*** Material for the task

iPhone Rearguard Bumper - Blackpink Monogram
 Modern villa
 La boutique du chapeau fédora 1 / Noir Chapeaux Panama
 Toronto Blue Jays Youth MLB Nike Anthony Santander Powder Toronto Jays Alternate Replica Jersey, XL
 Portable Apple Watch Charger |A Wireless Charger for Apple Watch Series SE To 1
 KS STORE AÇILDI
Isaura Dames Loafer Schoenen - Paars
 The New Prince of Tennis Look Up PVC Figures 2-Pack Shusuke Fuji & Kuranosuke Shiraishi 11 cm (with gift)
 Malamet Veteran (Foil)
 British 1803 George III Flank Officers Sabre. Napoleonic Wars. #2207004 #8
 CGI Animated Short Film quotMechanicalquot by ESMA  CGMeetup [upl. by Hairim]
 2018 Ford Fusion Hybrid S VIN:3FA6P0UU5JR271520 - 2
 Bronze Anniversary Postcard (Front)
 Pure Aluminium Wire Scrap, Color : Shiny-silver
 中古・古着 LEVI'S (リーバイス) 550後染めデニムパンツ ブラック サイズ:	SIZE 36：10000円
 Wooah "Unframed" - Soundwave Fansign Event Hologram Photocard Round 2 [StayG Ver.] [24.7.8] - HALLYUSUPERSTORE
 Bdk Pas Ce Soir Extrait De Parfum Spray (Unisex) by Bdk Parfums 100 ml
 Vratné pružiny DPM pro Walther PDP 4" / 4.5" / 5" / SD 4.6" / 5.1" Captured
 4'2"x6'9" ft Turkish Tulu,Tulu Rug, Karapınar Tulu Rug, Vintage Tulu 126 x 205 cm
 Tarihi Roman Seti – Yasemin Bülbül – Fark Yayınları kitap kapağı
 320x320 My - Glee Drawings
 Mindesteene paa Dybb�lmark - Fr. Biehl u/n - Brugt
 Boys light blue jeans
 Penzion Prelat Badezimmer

******

### Work request
Copy each line of the entries exactly.

### Exercise response
iPhone Rearguard Bumper - Blackpink Monogram
 Modern villa
 La boutique du chapeau fédora 1 / Noir Chapeaux Panama
 Toronto Blue Jays Youth MLB Nike Anthony Santander Powder Toronto Jays Alternate Replica Jersey, XL
 Portable Apple Watch Charger |A Wireless Charger for Apple Watch Series SE To 1
 KS STORE AÇILDI
Isaura Dames Loafer Schoenen - Paars
 The New Prince of Tennis Look Up PVC Figures 2-Pack Shusuke Fuji & Kuranosuke Shiraishi 11 cm (with gift)
 Malamet Veteran (Foil)
 British 1803 George III Flank Officers Sabre. Napoleonic Wars. #2207004 #8
 CGI Animated Short Film quotMechanicalquot by ESMA  CGMeetup [upl. by Hairim]
 2018 Ford Fusion Hybrid S VIN:3FA6P0UU5JR271520 - 2
 Bronze Anniversary Postcard (Front)
 Pure Aluminium Wire Scrap, Color : Shiny-silver
 中古・古着 LEVI'S (リーバイス) 550後染めデニムパンツ ブラック サイズ:	SIZE 36：10000円
 Wooah "Unframed" - Soundwave Fansign Event Hologram Photocard Round 2 [StayG Ver.] [24.7.8] - HALLYUSUPERSTORE
 Bdk Pas Ce Soir Extrait De Parfum Spray (Unisex) by Bdk Parfums 100 ml
 Vratné pružiny DPM pro Walther PDP 4" / 4.5" / 5" / SD 4.6" / 5.1" Captured
 4'2"x6'9" ft Turkish Tulu,Tulu Rug, Karapınar Tulu Rug, Vintage Tulu 126 x 205 cm
 Tarihi Roman Seti – Yasemin Bülbül – Fark Yayınları kitap kapağı
 320x320 My - Glee Drawings
 Mindesteene paa Dybb�lmark - Fr. Biehl u/n - Brugt
 Boys light blue jeans
 Penzion Prelat Badezimmer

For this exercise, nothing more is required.